Ce qu'il faut retenir
- Fermeture du détroit d’Ormuz : L’Iran a annoncé la fermeture du détroit, menaçant les navires s’approchant de ce passage maritime essentiel pour le trafic pétrolier.
- Menace américaine : Donald Trump a évoqué la possibilité d’imposer un péage américain dans le détroit d’Ormuz en cas d’échec des négociations avec l’Iran.
- Négociations en Suisse : Une délégation iranienne se rendra en Suisse pour « suivre et exiger la mise en œuvre des engagements » pris dans le cadre de l’accord en vigueur.

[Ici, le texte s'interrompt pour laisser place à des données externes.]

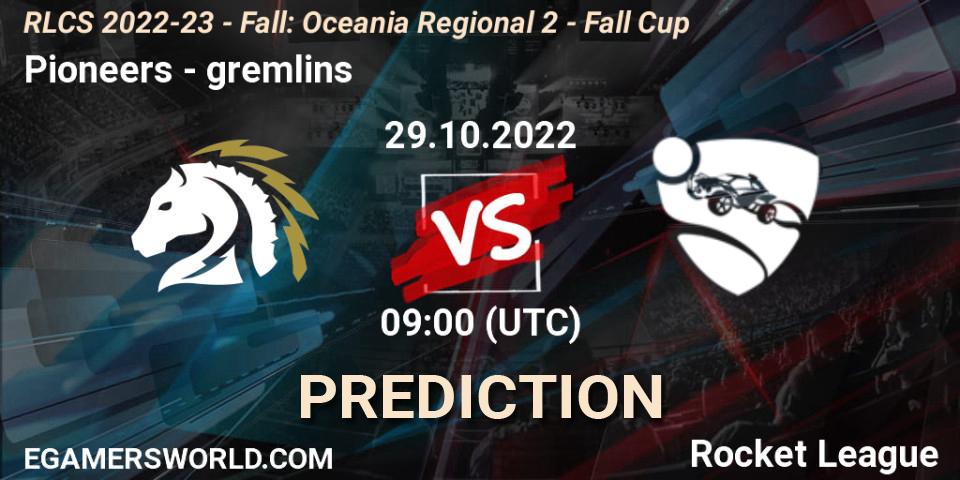 Pioneers contre gremlins : prédiction de match. 29.10.2022 at 09:20. Rocket League, RLCS 2022-23 - Fall: Oceania Regional 2 - Fall Cup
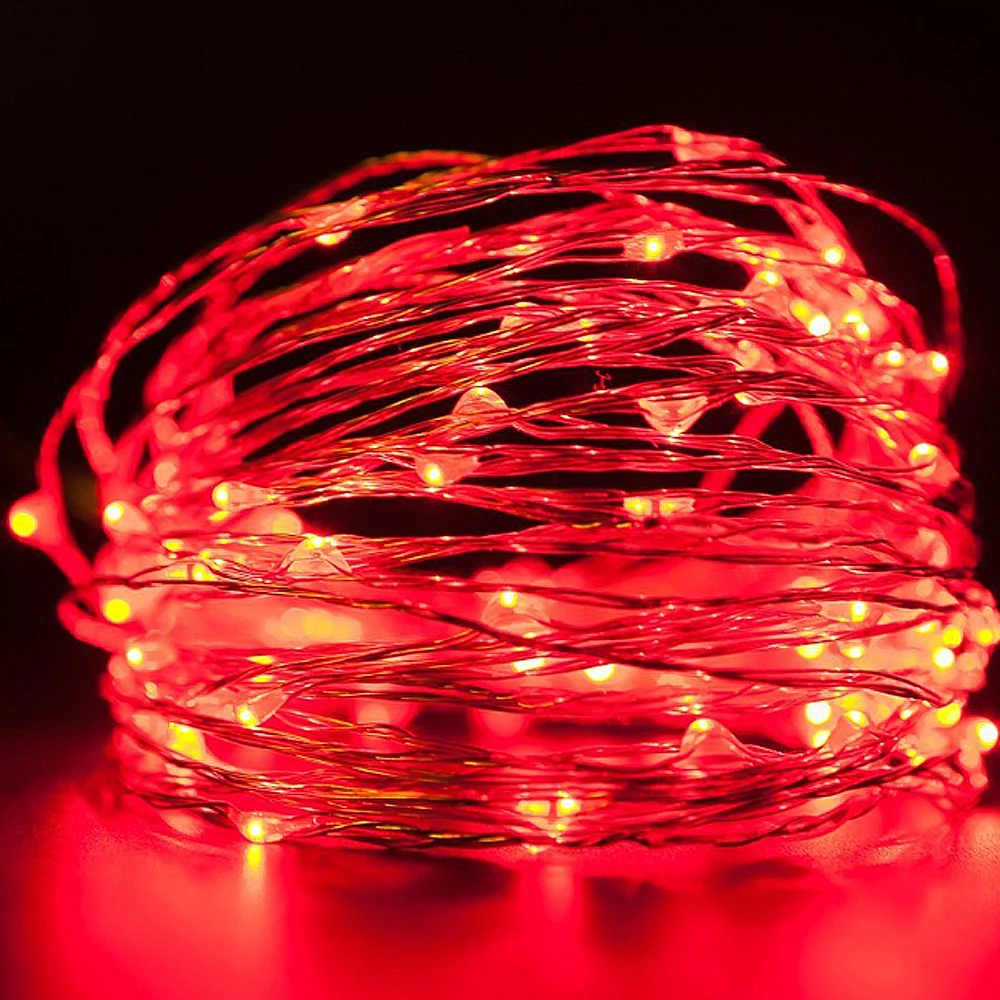 10 М 33FT 100Led 3AA Батарейках Украшения СВЕТОДИОДНЫЕ Медной Проволоки Фея Струнные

- Tensions régionales persistantes : Malgré un cessez-le-feu entre Israël et le Hezbollah, de nouvelles frappes ont été signalées au Liban, tandis que les négociations entre l’Iran et les États-Unis restent fragiles.

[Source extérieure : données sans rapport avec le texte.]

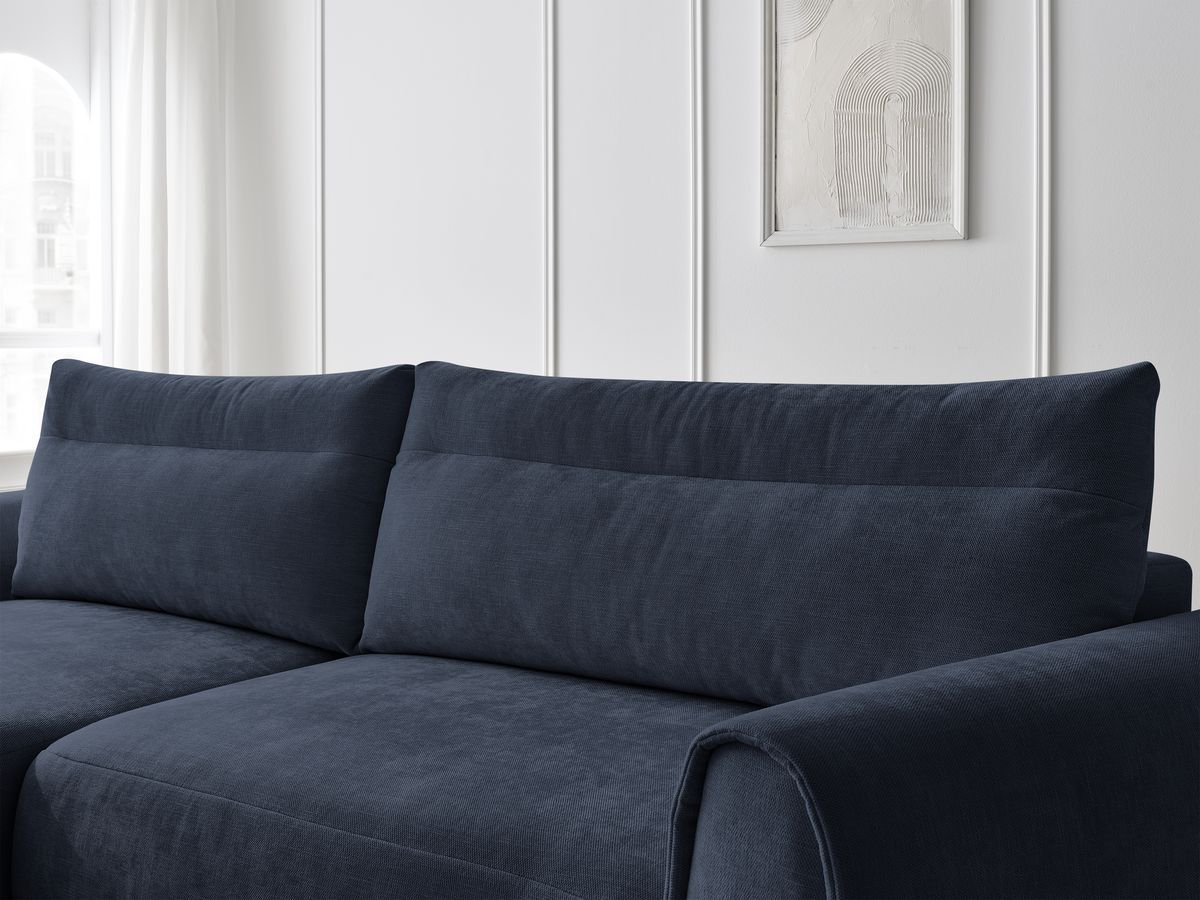Bobochic Aden Ecksofa 293 × 152 cm Stoff Dunkelblau Ecke links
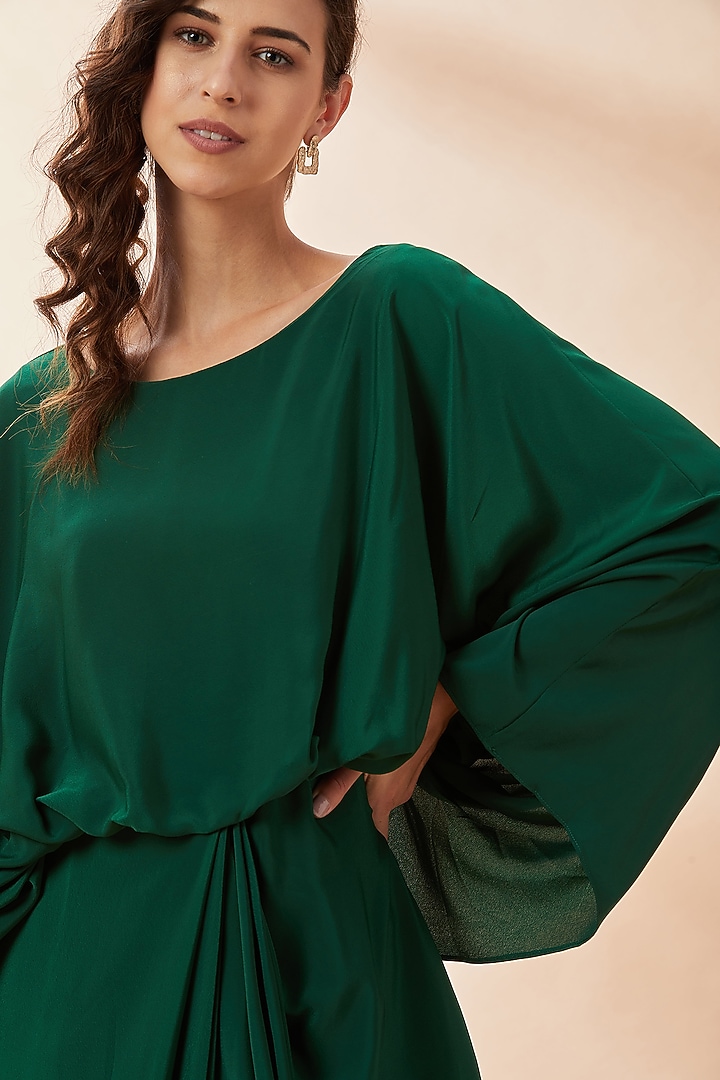 Emerald Green Draped Summer Dress by Aakaar at Pernia's Pop Up Shop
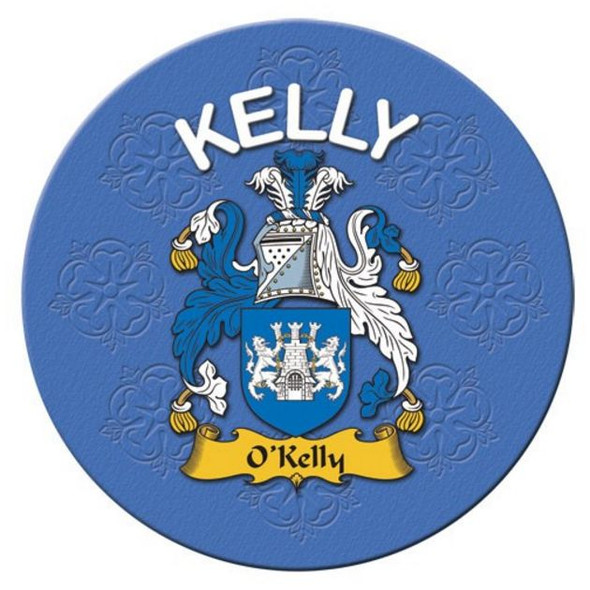 Kelly Coat of Arms Cork Round English Family Name Coasters Set of 2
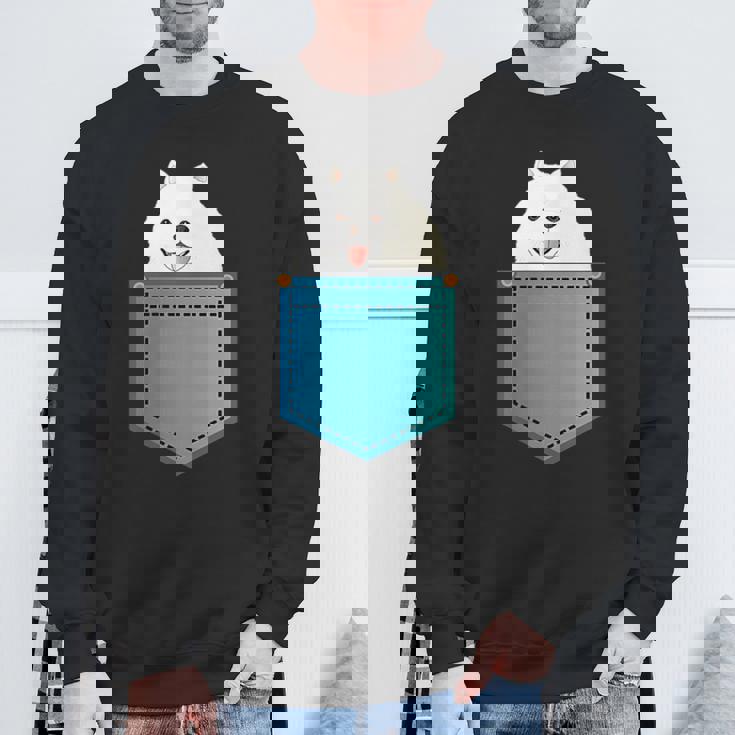 ポメラニアン 犬 胸ポケット ドイツ スピッツ スウェットシャツ 高齢者への贈り物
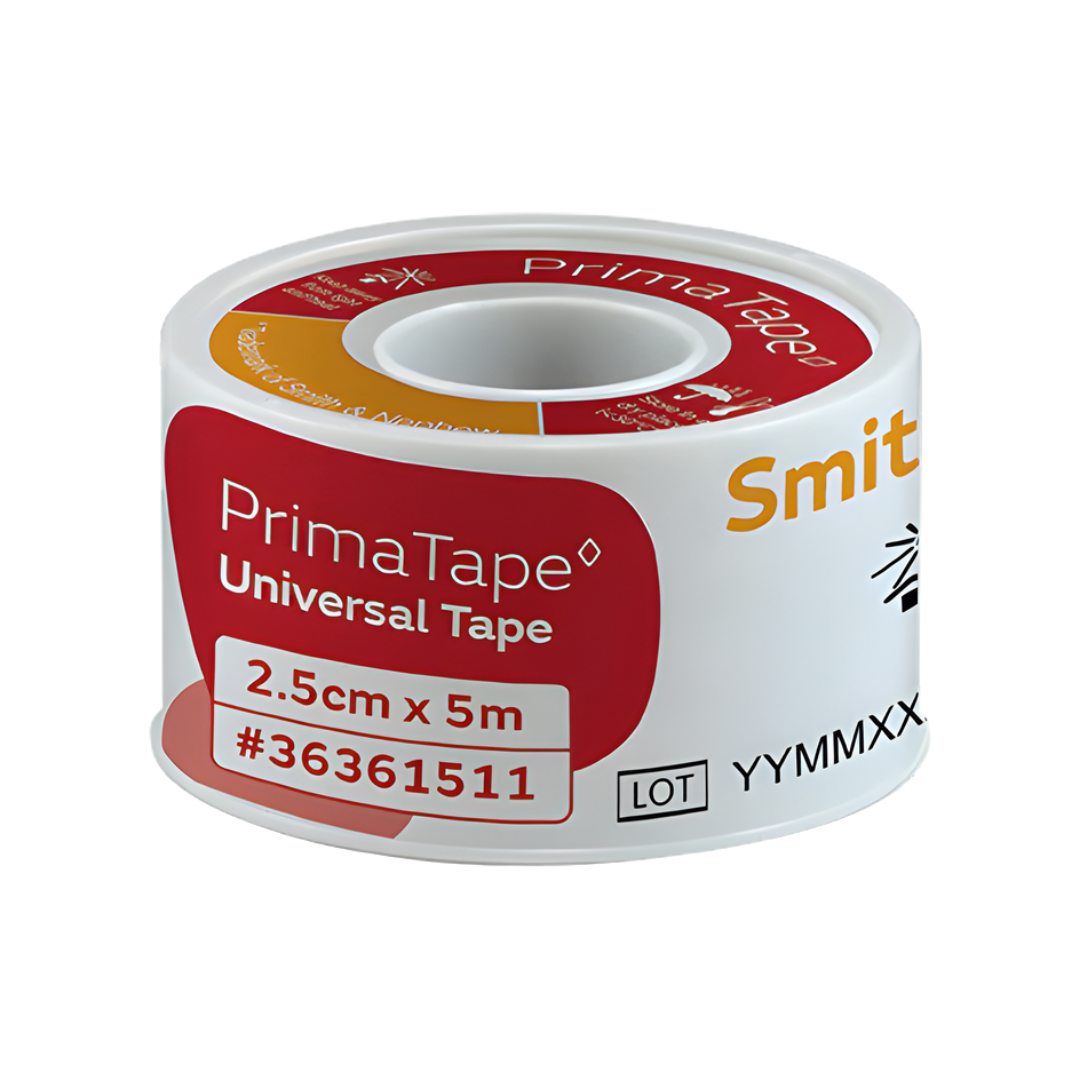 Primatape Universal Tape provides strong, breathable adhesion for securing dressings and medical devices, available in two easy‑to‑use hand‑tearable sizes.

Une menace américaine dans une zone déjà sous haute tension
Sur son réseau social, Donald Trump a clairement indiqué que les États-Unis pourraient imposer un péage dans le détroit d’Ormuz si les discussions avec l’Iran n’aboutissaient pas. Cette déclaration, rapportée par BMF - International, s’ajoute à une série de menaces croisées entre Washington et Téhéran. Le détroit d’Ormuz, par lequel transite près d’un tiers du pétrole mondial, est au cœur des tensions actuelles.

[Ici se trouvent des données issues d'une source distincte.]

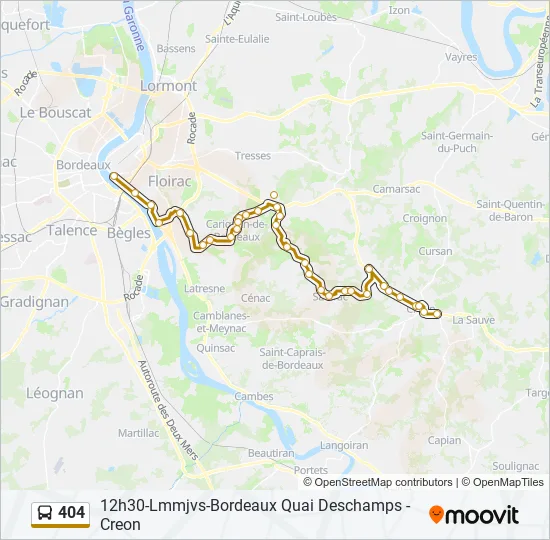 404 Bus Line Map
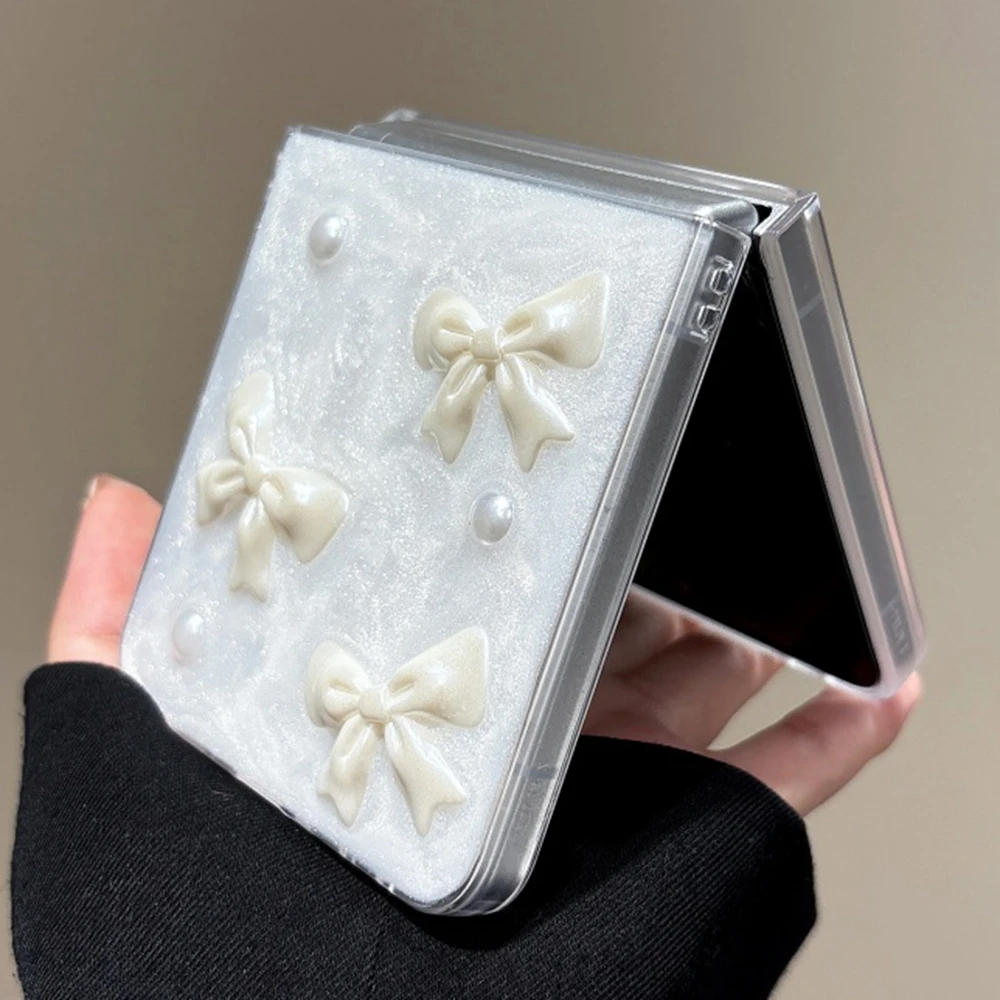 Gitter 3D Pearl Bow Cute Shockproof Bumper Phone Case - Soft Non-Slip Cover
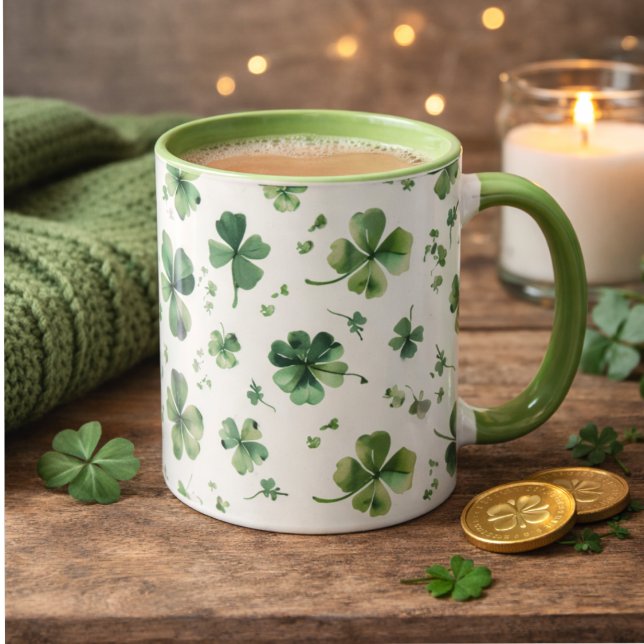 Watercolor St. Patrick's Day Pattern Giant Tasse (Von Creator hochgeladen)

L’Iran a récemment annoncé la fermeture de ce passage maritime, une décision qui pourrait paralyser le commerce international. Selon plusieurs observateurs, cette mesure vise à faire pression sur les États-Unis et leurs alliés pour obtenir des concessions dans le cadre des négociations en cours. « Les États-Unis ont tout intérêt à négocier de bonne foi, sinon nous prendrons les mesures qui s’imposent », a déclaré un responsable iranien sous couvert d’anonymat.
Des négociations fragiles entre l’Iran et les États-Unis
Les pourparlers entre l’Iran et les États-Unis, prévus ce samedi en Suisse, s’annoncent délicats. D’après BMF - International, la délégation iranienne se rendra sur place pour « suivre et exiger la mise en œuvre des engagements » pris dans le cadre du protocole d’accord en vigueur. Cependant, Téhéran a déjà prévenu que l’accord était « en danger », soulignant que les engagements américains n’avaient pas été respectés.
Côté américain, l’émissaire Steve Witkoff a été dépêché en Suisse pour mener les discussions. « Nous sommes prêts à discuter de tous les sujets, mais cela dépendra de la bonne volonté de l’Iran », a-t-il indiqué. Ces négociations interviennent alors que le protocole d’accord initial, signé il y a plusieurs mois, est remis en cause par les deux parties.
Un cessez-le-feu fragile entre Israël et le Hezbollah
Parallèlement aux tensions autour du détroit d’Ormuz, la situation reste explosive au Liban. Malgré l’entrée en vigueur d’un cessez-le-feu entre Israël et le Hezbollah vendredi dernier, de nouvelles frappes ont été signalées dans le sud du pays. Selon les médias israéliens, l’armée israélienne (Tsahal) aurait cessé les combats au Liban, mais des violations répétées du cessez-le-feu ont été dénoncées par Israël, qui accuse le Hezbollah de ne pas respecter les termes de l’accord.
« Le Hezbollah viole constamment le cessez-le-feu, et nous serons obligés de réagir si cette situation persiste », a déclaré un porte-parole de Tsahal. Ces déclarations surviennent alors que des sources locales rapportent que des frappes israéliennes ont visé des positions du Hezbollah dans la région de Beyrouth, malgré l’accord de trêve.
Ces développements surviennent dans un contexte où la région est déjà fragilisée par des années de conflits et de tensions géopolitiques. Si l’instauration d’un péage américain dans le détroit d’Ormuz venait à se concrétiser, cela pourrait avoir des répercussions majeures sur les prix de l’énergie et la stabilité économique mondiale. Bref, la situation reste extrêmement volatile, et les prochaines décisions prises à Genève ou à Beyrouth seront déterminantes.